* [DATA EXTRACT]
%%
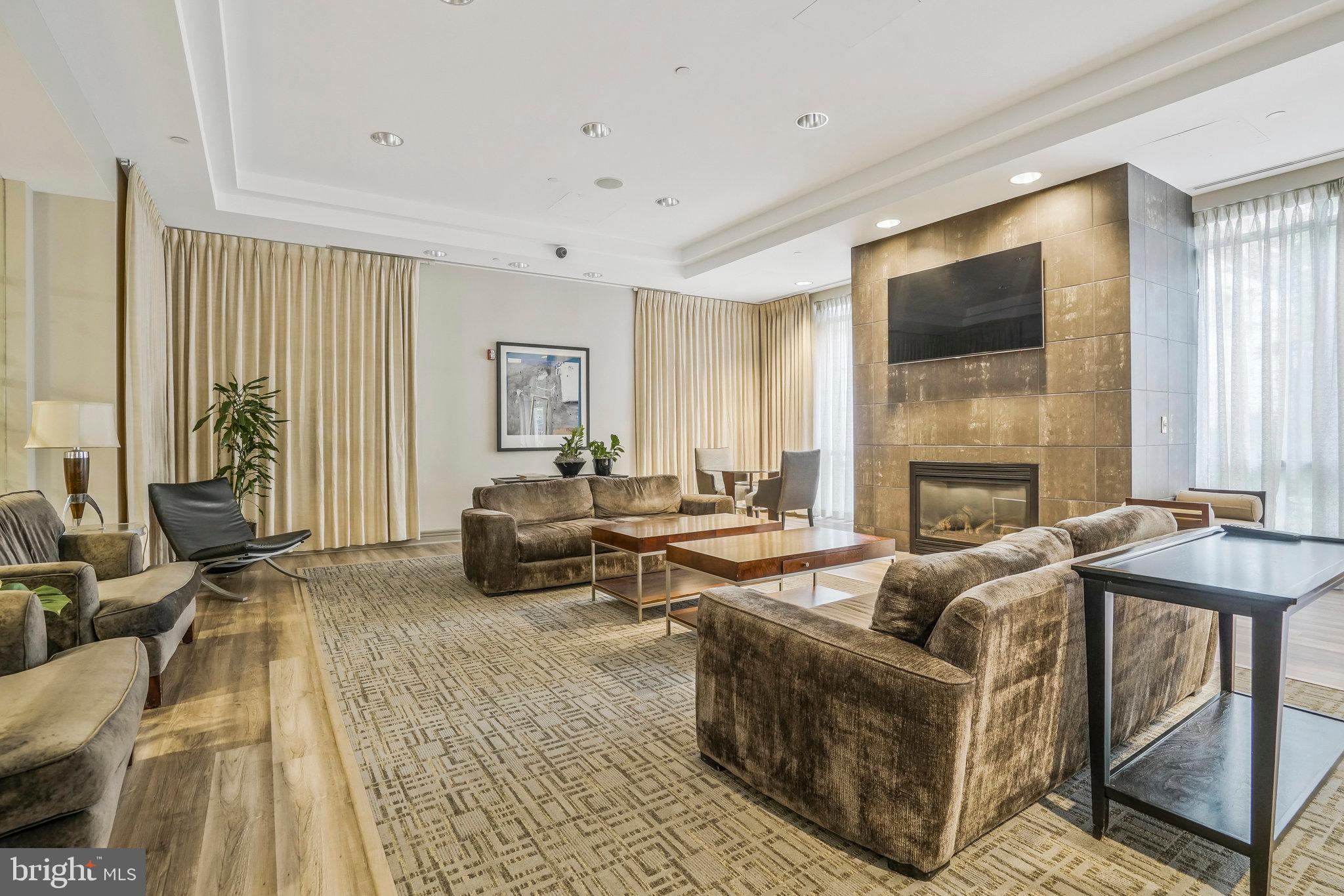 880 N POLLARD STREET 824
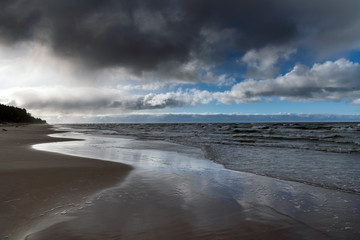 Naklejka premium Baltic sea coast in windy day.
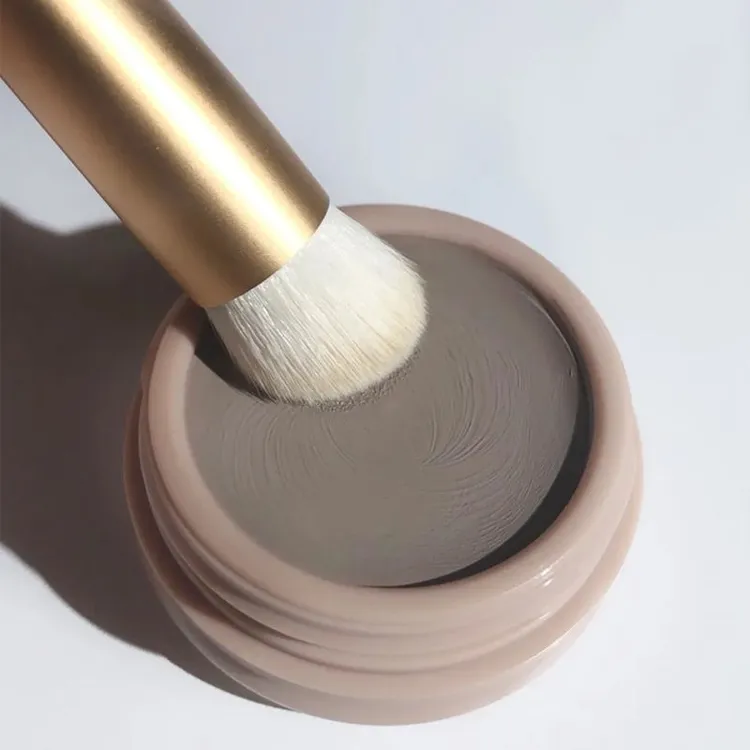 这修容膏把我惊艳到！HOJO灰棕色阴影修容侧影04鼻影鼻梁从无到有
%%
* [INSTRUCTIONS TO FOLLOW] Copy the material above in full and exactly, skipping pictures.

* [RESPONSE TO THIS TASK]
 880 N POLLARD STREET 824
 Naklejka premium Baltic sea coast in windy day.
 这修容膏把我惊艳到！HOJO灰棕色阴影修容侧影04鼻影鼻梁从无到有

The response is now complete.